By containing 39.88-89.96 weight %, more preferably 79.76-89.96 weight %, of copper (Cu) relative to the electrode material, it is possible to reduce contact resistance of the electrode material without lowering withstand voltage capability and current breaking capability. By adjusting median size d50 of Cu powder, for example, to 100 µm or less, it is possible to uniformly mix a solid solution powder of the heat-resistant element and Cr with Cu powder. In the electrode material to be manufactured by the sintering method, it is possible to freely set the Cu weight ratio by adjusting the amount of Cu powder to be mixed with a solid solution powder of the heat-resistant element and Cr. Therefore, the total of the heat-resistant element, Cr and Cu to be added to the electrode material never exceeds 100 weight %.
The electrode material manufacture method according to the embodiment of the present invention is explained in detail with reference to flow of Fig. 1. The explanation of the embodiment is conducted by showing Mo as an example of the heat-resistant element and Te as an example of the low melting metal, but it is similar in the case of using other heat-resistant elements and low melting metal powders, too.

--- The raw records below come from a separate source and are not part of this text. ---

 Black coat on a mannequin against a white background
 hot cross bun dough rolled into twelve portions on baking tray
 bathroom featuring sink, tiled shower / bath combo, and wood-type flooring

In the Mo-Cr mixing step S1, the heat-resistant element powder (e.g., Mo powder) is mixed with Cr powder. The Mo powder and the Cr powder are mixed together such that the weight of the Cr powder becomes greater than the weight of the Mo powder. The Mo powder and the Cr powder are mixed together, for example, in a range that Mo/Cr = 1/4 to 1/1 (Mo : Cr = 1:1 is not included) by weight.
In the sintering step S2, a mixed powder of Mo powder and Cr powder is sintered. In the sintering step S2, for example, a compact of the mixed powder is retained in a vacuum atmosphere at a temperature of 900-1200 °C for 1 to 10 hours to obtain MoCr sintered body. In case that the weight of the Cr powder is greater than that of the Mo powder in the mixed powder, there remains Cr that does not form a solid solution with Mo after the sintering. Therefore, there is obtained a porous body (MoCr sintered body) containing a MoCr alloy resulting from solid phase diffusion of Cr into Mo and the remaining Cr particles.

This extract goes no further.